The crosses you refer to at national cemeteries are grave markers for individual soldiers, which is fine, because those soldiers were christian. Stars of David mark Jewish soldiers' resting places. And so on... These markers would be expressions of their guaranteed individual religious liberty.
The cross in San Diego isn't a grave marker for ONE soldier, it is a marker for ALL of them, and that crosses (no pun intended) the line from individual religious liberty into breaching the establishment clause. It's a fine line, albeit strong. It is doubtful that the cross represents the religious sympathies of every soldier commemorated there. One size does not fit all. The cross's reach exceeds its Constitutional grasp.
It is a typical conservative talking point to say "the Constitution doesn't say anything about separation of church and state!". Well, it doesn't say anything about the "separation of powers" either, but could you argue that we don't actually have checks and balances? Does conceptual interpretation mean anything to you? Does context?
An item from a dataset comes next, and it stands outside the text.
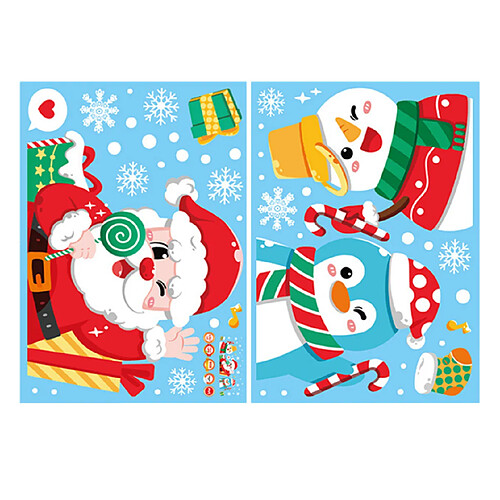 2PCS Stickers de décoration de Noël Santa Claus Snowman Stickers statiques Stickers Shopping Mall Verre Fenêtre Décoration d'autocollants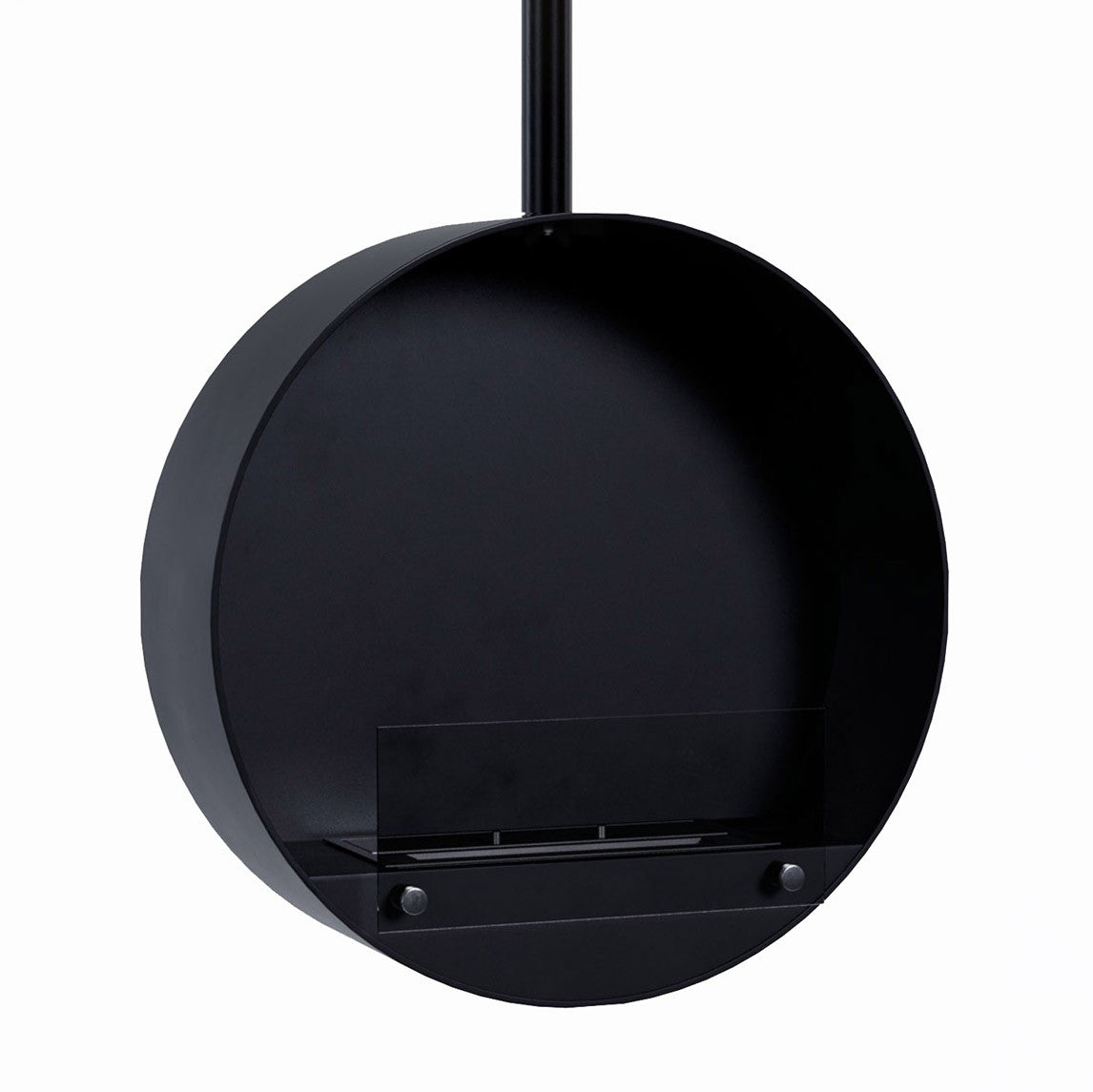 24" ScandiFlames Ottawa Black - Round Ceiling Mounted Bioethanol Fireplace, 60cm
Pat Robertson and Jerry Falwell are among the biggest proponents of the lie that there is no wall of separation. That is because the wall is the barrier preventing them from achieving what they desire: The establishment of ultraconservative fundamentalist jihad-style christianity as THE state religion. I have followed Pat Robertson's career for years, (which was aided greatly by being his neighbor in Virginia Beach for a very long time - we even voted in the same precinct). I know what a dangerous sonofabitch he is, and I view ANYONE who denies the wall of separation between church and state with more than casual suspicion.